/---

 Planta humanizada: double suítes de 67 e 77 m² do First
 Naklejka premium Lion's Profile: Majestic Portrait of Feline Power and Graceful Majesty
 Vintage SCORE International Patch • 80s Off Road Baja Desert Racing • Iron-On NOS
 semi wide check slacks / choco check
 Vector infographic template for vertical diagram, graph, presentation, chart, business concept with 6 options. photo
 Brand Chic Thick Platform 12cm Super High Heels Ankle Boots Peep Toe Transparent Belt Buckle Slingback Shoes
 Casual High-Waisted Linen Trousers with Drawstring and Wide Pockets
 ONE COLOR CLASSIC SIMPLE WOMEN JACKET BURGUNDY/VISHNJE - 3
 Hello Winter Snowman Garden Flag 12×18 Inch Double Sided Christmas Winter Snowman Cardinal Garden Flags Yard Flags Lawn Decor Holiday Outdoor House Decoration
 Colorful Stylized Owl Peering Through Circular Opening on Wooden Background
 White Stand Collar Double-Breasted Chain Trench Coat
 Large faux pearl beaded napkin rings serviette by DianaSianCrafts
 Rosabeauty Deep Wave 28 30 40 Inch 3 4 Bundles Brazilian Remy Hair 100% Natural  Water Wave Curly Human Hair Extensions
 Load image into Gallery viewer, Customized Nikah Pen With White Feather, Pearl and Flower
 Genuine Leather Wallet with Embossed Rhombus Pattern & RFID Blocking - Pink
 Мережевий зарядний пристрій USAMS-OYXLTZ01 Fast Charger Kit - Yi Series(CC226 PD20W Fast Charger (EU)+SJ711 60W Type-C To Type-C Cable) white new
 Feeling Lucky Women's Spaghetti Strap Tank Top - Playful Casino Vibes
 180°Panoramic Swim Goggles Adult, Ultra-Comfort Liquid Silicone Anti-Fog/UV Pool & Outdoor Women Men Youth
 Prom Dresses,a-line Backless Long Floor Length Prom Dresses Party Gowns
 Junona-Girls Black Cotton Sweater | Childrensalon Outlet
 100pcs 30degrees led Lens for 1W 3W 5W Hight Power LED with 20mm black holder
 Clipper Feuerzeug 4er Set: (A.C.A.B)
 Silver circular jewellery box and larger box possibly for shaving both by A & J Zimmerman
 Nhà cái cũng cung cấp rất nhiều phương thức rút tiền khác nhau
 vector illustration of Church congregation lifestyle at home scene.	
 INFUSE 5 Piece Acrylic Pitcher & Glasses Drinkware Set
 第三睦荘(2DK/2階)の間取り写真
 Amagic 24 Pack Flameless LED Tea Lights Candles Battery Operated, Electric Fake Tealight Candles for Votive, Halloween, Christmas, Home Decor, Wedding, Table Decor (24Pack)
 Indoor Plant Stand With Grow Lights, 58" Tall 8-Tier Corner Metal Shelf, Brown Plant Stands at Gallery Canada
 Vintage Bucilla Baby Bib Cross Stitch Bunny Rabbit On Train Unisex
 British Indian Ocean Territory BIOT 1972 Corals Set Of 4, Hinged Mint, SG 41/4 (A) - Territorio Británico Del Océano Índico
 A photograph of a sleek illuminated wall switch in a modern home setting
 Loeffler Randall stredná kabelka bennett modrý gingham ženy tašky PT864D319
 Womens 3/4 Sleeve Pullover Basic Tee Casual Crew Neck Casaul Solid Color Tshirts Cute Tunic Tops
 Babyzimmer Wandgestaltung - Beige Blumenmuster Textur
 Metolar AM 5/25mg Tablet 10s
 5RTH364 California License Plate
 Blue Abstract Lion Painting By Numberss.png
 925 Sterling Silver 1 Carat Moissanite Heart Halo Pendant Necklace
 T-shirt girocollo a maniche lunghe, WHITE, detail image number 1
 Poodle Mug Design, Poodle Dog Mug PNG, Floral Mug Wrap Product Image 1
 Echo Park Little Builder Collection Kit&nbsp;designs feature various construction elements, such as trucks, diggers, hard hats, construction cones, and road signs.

\---

● **Work task**
Reproduce exactly the lines that run from the start of the records to the line with "Vector infographic template", both included.

● **Output for this exercise**
 Planta humanizada: double suítes de 67 e 77 m² do First
 Naklejka premium Lion's Profile: Majestic Portrait of Feline Power and Graceful Majesty
 Vintage SCORE International Patch • 80s Off Road Baja Desert Racing • Iron-On NOS
 semi wide check slacks / choco check
 Vector infographic template for vertical diagram, graph, presentation, chart, business concept with 6 options. photo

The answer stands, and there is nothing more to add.